El propio Catecismo especifica el tipo de mentira del arzobispo Cipriani: la calumnia, que «mediante palabras contrarias a la verdad, daña la reputación de otros y da ocasión a juicios falsos respecto a ellos» (2477), como es evidente que hace el arzobispo para dañar la reputación de las autoridades de la PUCP, elegidas por Asamblea como manda la ley nacional. Y siendo que la calumnia lesiona «las virtudes de la justicia y de la caridad» (2479), se trata de una mentira grave, pues «llega a ser [pecado] mortal cuando lesiona gravemente las virtudes de la justicia y la caridad» (2484). Por su parte, no le vendría mal a Rafael Rey, escudero y adulón del arzobispo con la excusa de que la Iglesia manda ser «dócil» con la autoridad, recordar que el Catecismo exige proscribir «toda palabra o actitud que, por halago, adulación o complacencia, alienta y confirma a otro en la malicia de sus actos y en la perversidad de su conducta. La adulación es una falta grave si se hace cómplice de vicios o pecados graves [como es el caso]» (2480).

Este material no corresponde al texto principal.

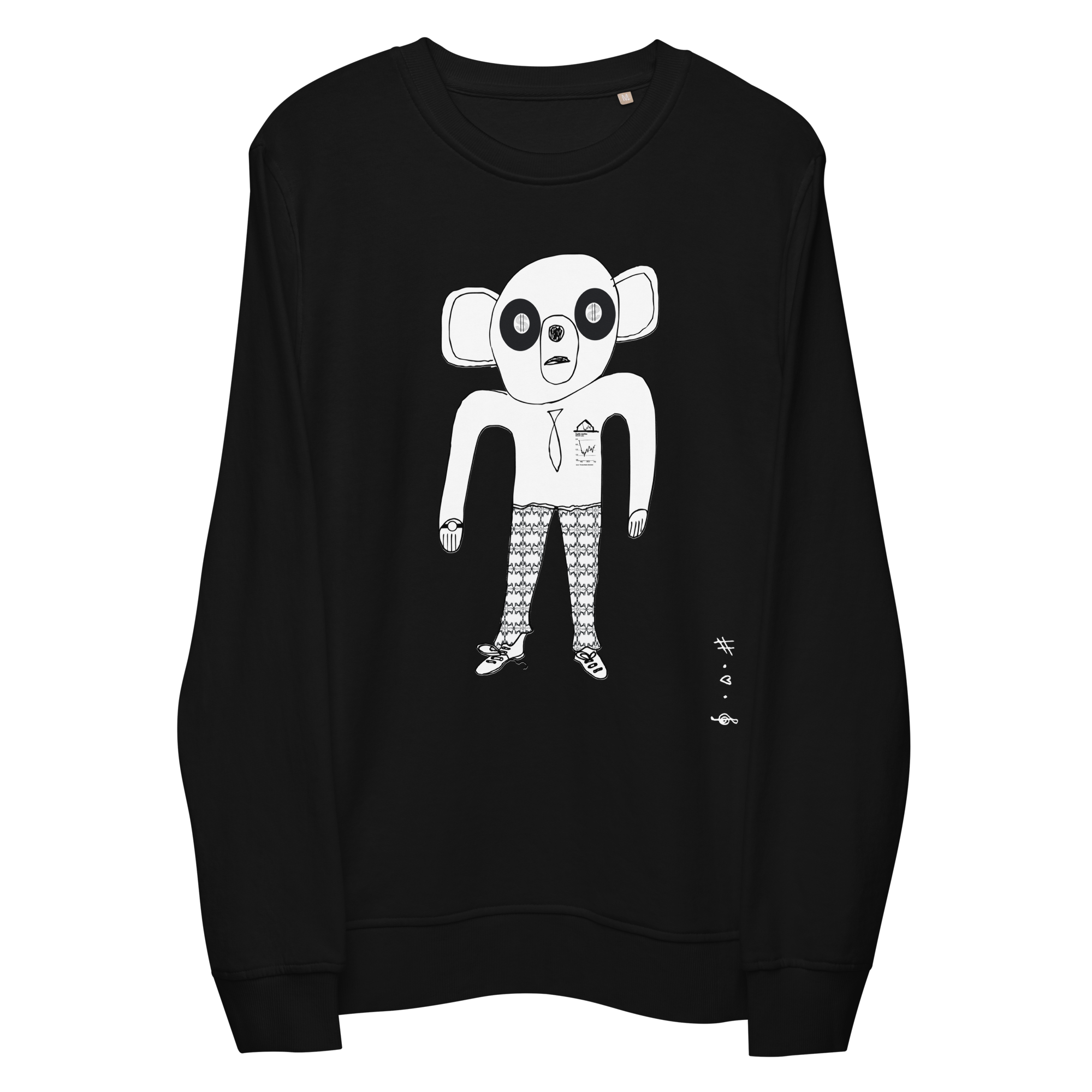 Dollar Bear sweatshirt - HUGShop Sort / Small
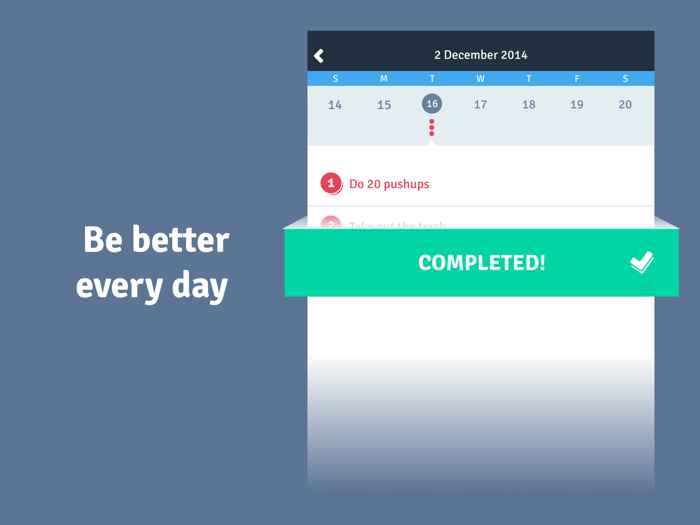 Do 3 Things Daily Habit Goals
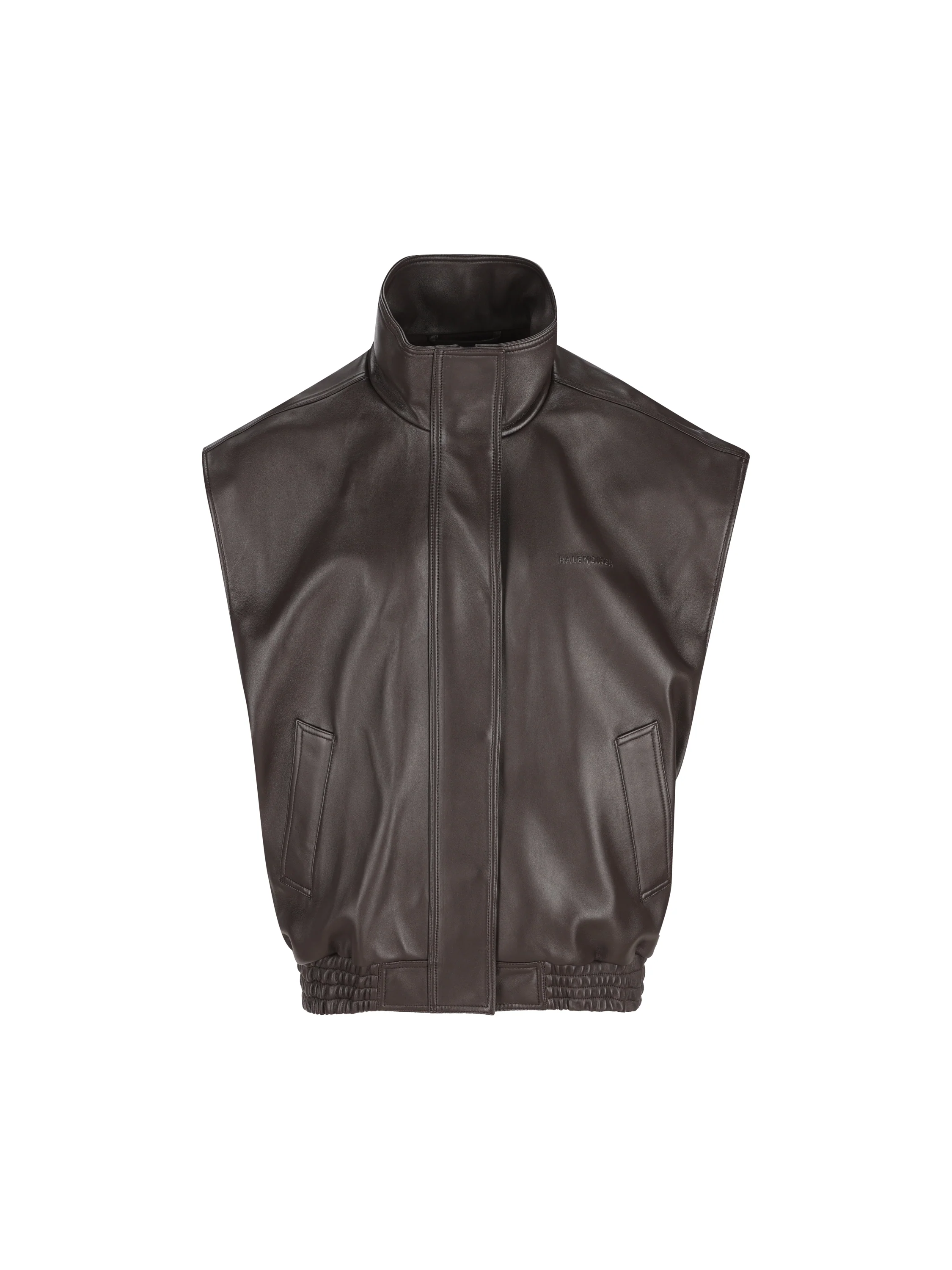 Blouson realizzato in pelle. A002FV TUS302505 BALENCIAGA 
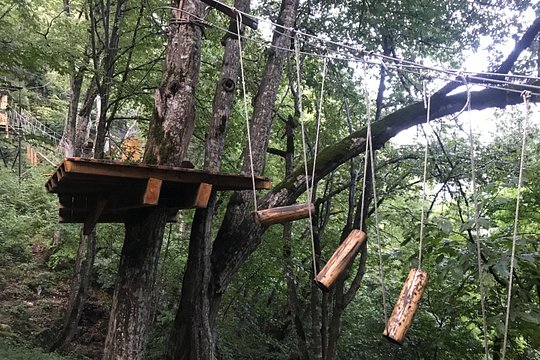 Zip line and paintball , 1night 2 days — foto 4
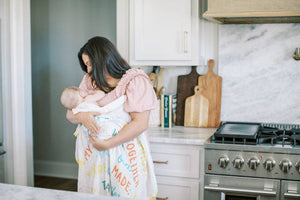 Psalm 139 Muslin Baby Blanket - littlelightcollective
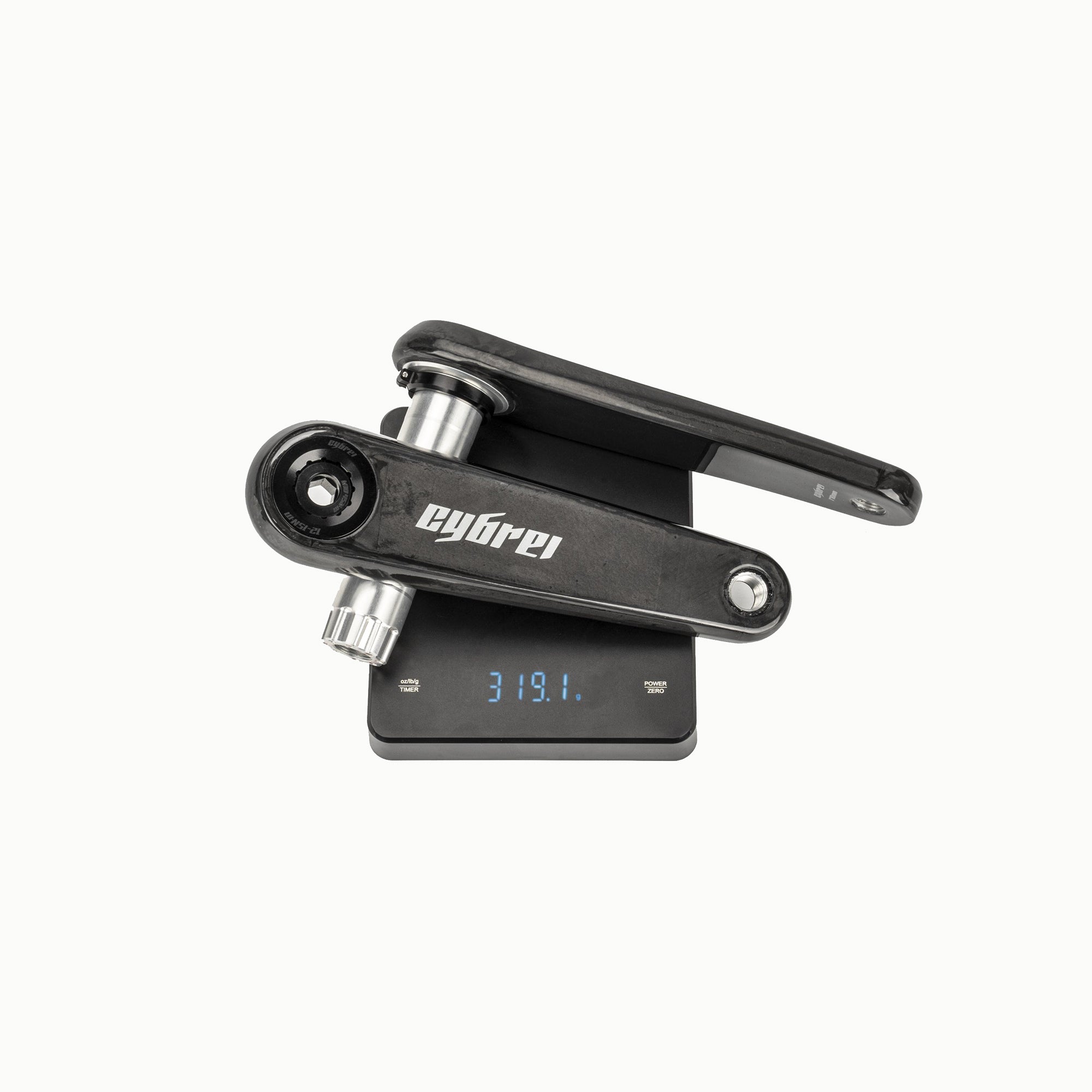 Cybrei DUB Axle Carbon Crank Assembly – CCACHE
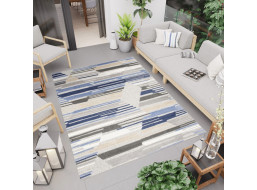 Kusový koberec AVENTURA Diamond - modrý/sivý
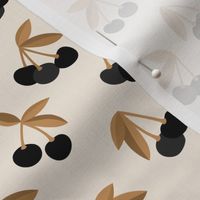 Little Cherry boho love garden for spring summer nursery design neutral cinnamon rust black and beige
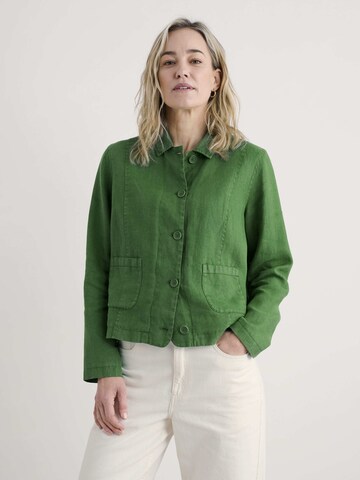 Veste mi-saison 'Arame' Seasalt Cornwall en vert : devant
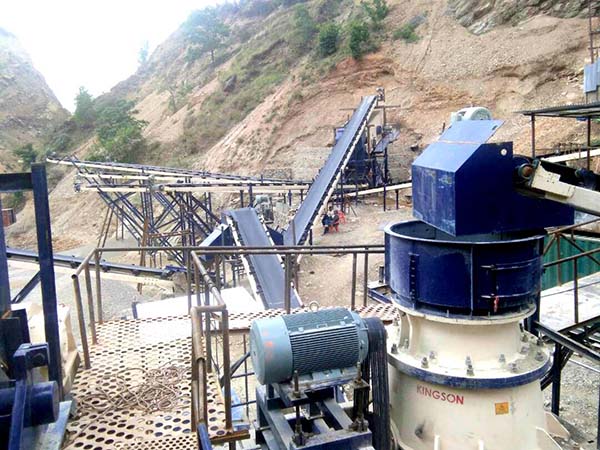cone crusher manufacturers project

Jesús observaba que sus discípulos debían ser reconocidos por sus actos, no por la autoridad que alguien le hubiese conferido. Tanto es así, que aplicaba esto para sí mismo. Es por lo tanto legítimo cuestionar que alguien nombrado como pastor de la Iglesia lo sea realmente si vive en la mentira y la vanagloria. En ese caso, se le aplican las propias palabras de Jesús: «Vuestro padre es el diablo […] porque no hay verdad en él; cuando dice la mentira, dice lo que le sale de dentro, porque es mentiroso y padre de la mentira» (Jn 8, 44).